Where am I going wrong?

import torch
import torch.nn as nn
from torch.nn.parameter import Parameter

import math

class GRU(nn.Module):
    def __init__(self, input_size, hidden_size):
        super(GRU, self).__init__()

        self.Wx = Parameter(torch.randn(input_size, hidden_size * 3)).div(math.sqrt(input_size))
        self.bx = Parameter(torch.zeros(hidden_size * 3))
        self.Wh = Parameter(torch.randn(hidden_size, hidden_size * 3)).div(math.sqrt(hidden_size))
        self.bh = Parameter(torch.zeros(hidden_size * 3))

    def step(self, x, prev_h):
        batch_size, hidden_size = prev_h.shape

        ax = x.mm(self.Wx) + self.bx
        ax = ax.reshape(batch_size, 3, hidden_size)
        ah = prev_h.mm(self.Wh) + self.bh
        ah = ah.reshape(batch_size, 3, hidden_size)

        r = torch.sigmoid(ax[:, 0, :] + ah[:, 0, :])
        z = torch.sigmoid(ax[:, 1, :] + ah[:, 1, :])
        n = torch.tanh(ax[:, 2, :] + r * ah[:, 2, :])

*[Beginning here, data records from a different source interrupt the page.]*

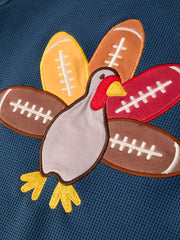 Thanksgiving Turkey Applique Kids Navy Waffle Long Sleeve Top Shirt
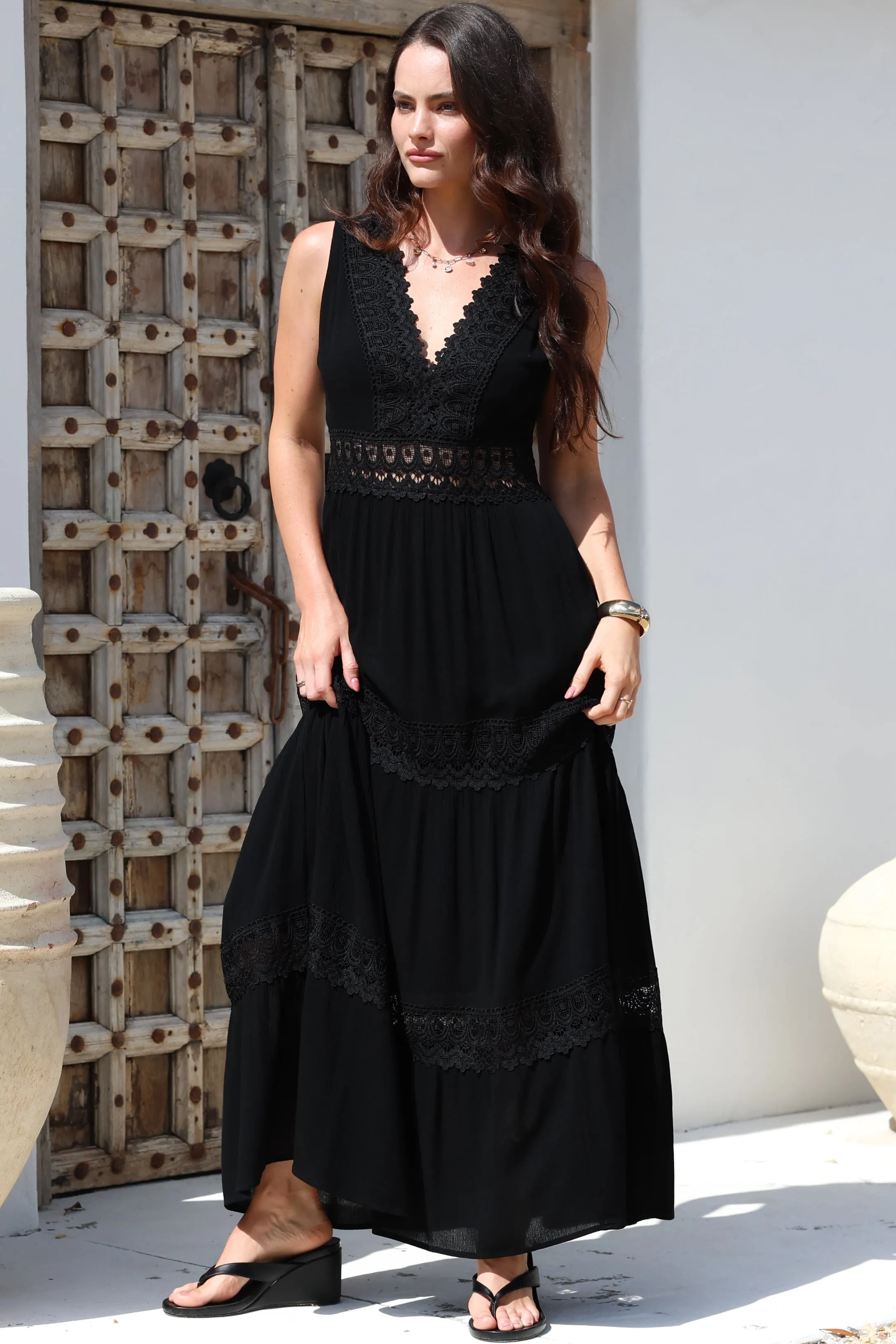 Cassia Maxi Dress - Lace Trim V-Neck Sleeveless with Lace Splicing Dress in Black sold by Salty Crush product image thumbnail 3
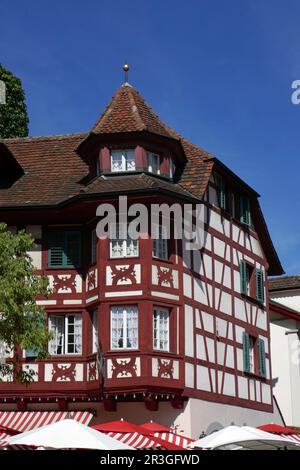 Fachwerkhaus in Luzern Stockfoto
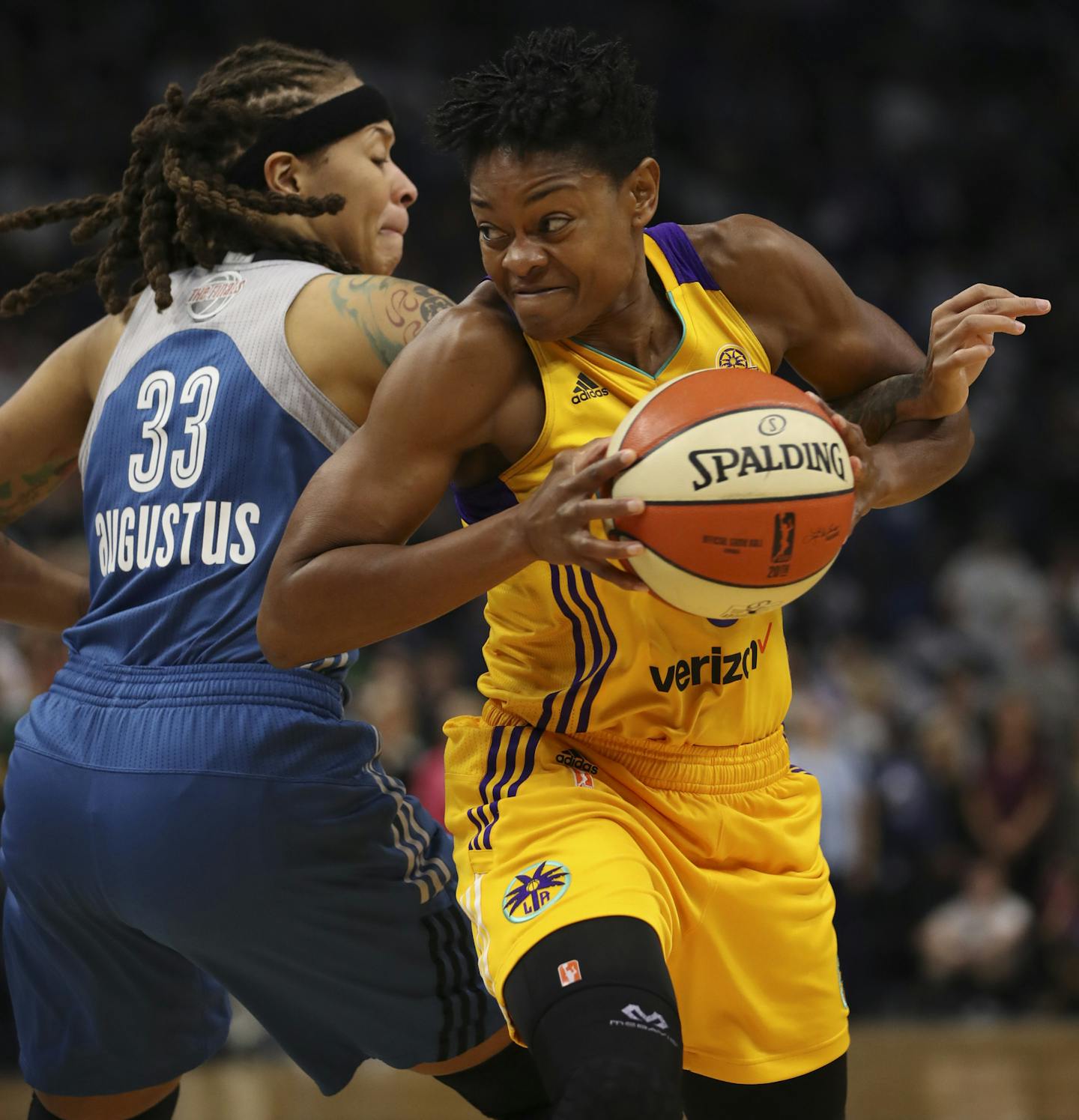 Minnesota Lynx guard Seimone Augustus (33) fouled Los Angeles Sparks guard Alana Beard (0) in the first quarter. ] JEFF WHEELER &#xef; jeff.wheeler@startribune.com The Minnesota Lynx faced the Los Angeles Sparks in Game 2 of their WNBA Championship series Tuesday night, October 11, 2016 at Target Center in Minneapolis.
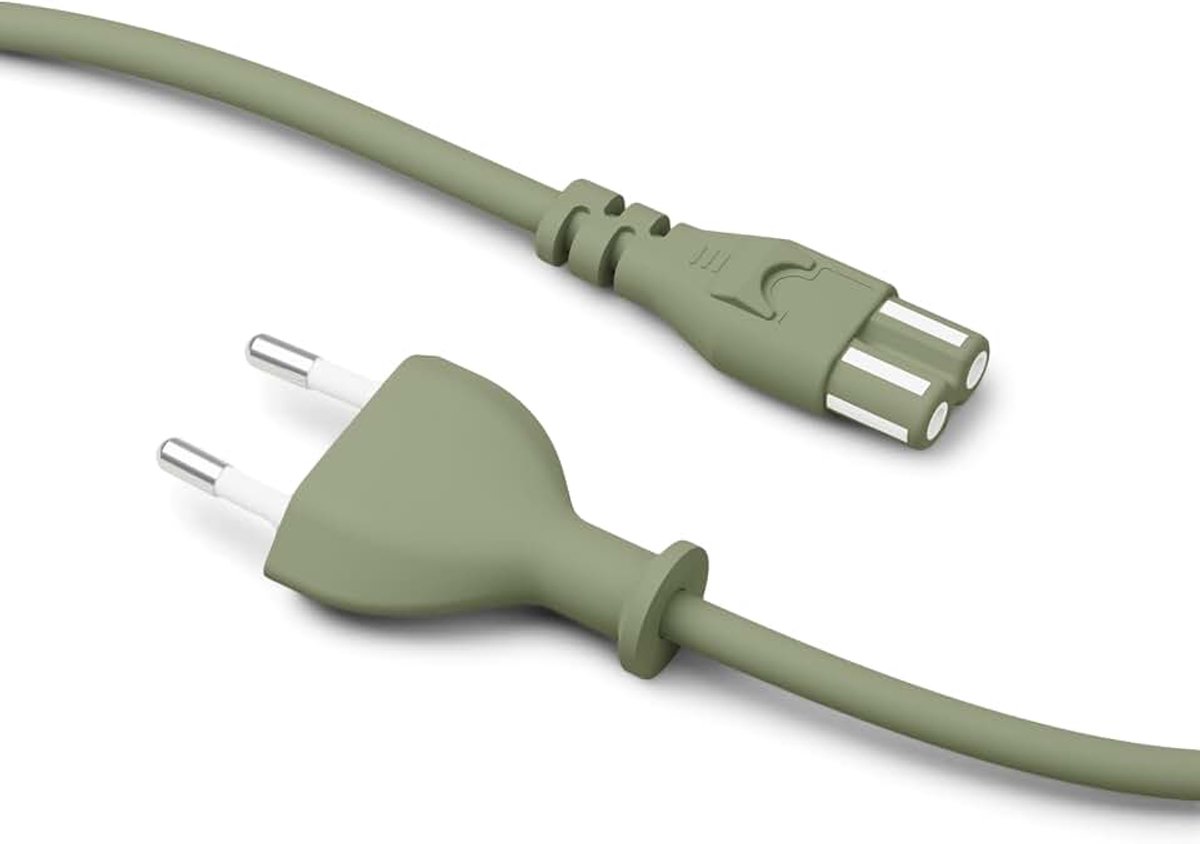 Pedestal Power Cable 7,5 M (Groen) | Stroomkabel 2-Polig - TV-Kabel Compatibel Met Playstation en Xbox | Euro Netsnoer Voor Koude Apparaten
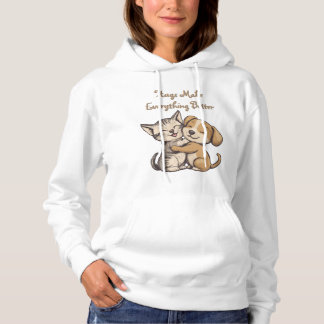 Cute cat and dog puppie best friends hoodie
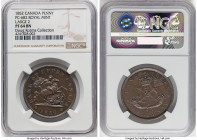 Upper Canada. Bank of Upper Canada Proof "Large 2" Penny Token 1852 PR64 Brown NGC, Royal mint, KM-Tn3, PC-6B2. Large "2" variety. Medal alignment. Di...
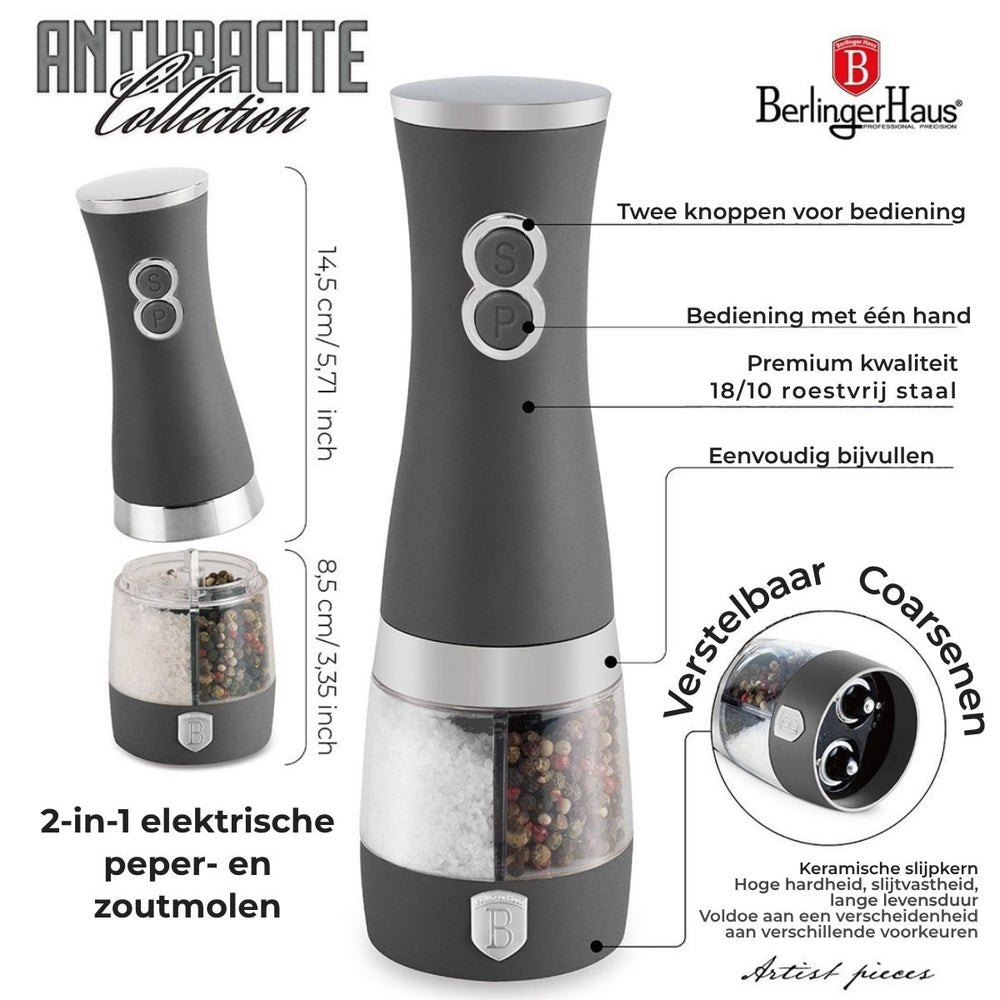 BerlingerHaus Electric Pepper and Salt Mill Matt Anthracite - 2-in-1 - Ceramic Mill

        next_h = (1 - z) * n + z * prev_h
        return next_h

    def forward(self, x, h0):
        batch_size, steps, num_features = x.shape
        hidden_size = h0.shape[1]
        hts = torch.zeros(batch_size, steps, hidden_size).to(dtype=x.dtype)

        h_t = h0
        for step_t in range(steps):
            x_t = x[:, step_t]
            h_t = self.step(x_t, h_t)
            hts[:, step_t] = h_t

        return hts

Thank you :slight_smile:

Not really helpful, but maybe you can double-check that reshape() is doing the right thing.